DEQ regulates and inspects chemical-storage facilities. “Toxic Floodwaters” provides no specific instances in which chemical and gasoline storage poses a tangible threat.  The report provides no statistics on the number of inspections, much less the number of facilities that have failed inspection, nor does it critique anyone’s risk-management plans. 

Sachs and Flores make the legitimate point that regulations should be forward-looking. Regulators should anticipate the elevated risk of flooding as the sea level rises in the decades ahead. However, in contrast to, say, coal ash, which has been buried in open pits through which rainwater and groundwater can migrates, gasoline and toxic chemicals used in industrial and commercial processes are stored in sealed tanks and containers. Moreover, the volumes are much smaller. Rather than talking about millions of tons, which will take years to remove, as with coal ash, we may be talking about millions of gallons or pounds. The logistical challenge of relocating chemical storage facilities as flooding risks increase in the years and decades ahead, I expect, is a fraction of that posed by coal ash. Even if the sea level is rising, one might conjecture, there is plenty of time for industry to adapt.

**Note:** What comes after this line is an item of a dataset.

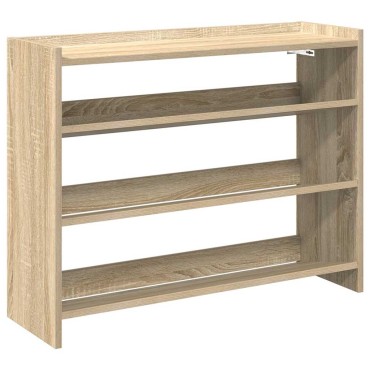 Ράφι παπουτσιών vidaXL Sonoma Oak 80x25x62cm Κατασκευασμένο ξύλο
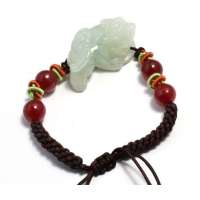 传神天然翡翠如意貔貅手链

Still, I agree with the authors that transparency is vital. Citizens have a right to public records such as permit applications, inspection reports, companies’ risk-management plans, and compliance data. In particular, citizens have a right to know if risk management plans, which are updated every five years, consider the implications of sea-level rise. DEQ should make this information available online. Citizen activism is a safeguard against industry and government complacency. Perhaps a closer inspection of these records will expose real dangers rather than hypothetical ones.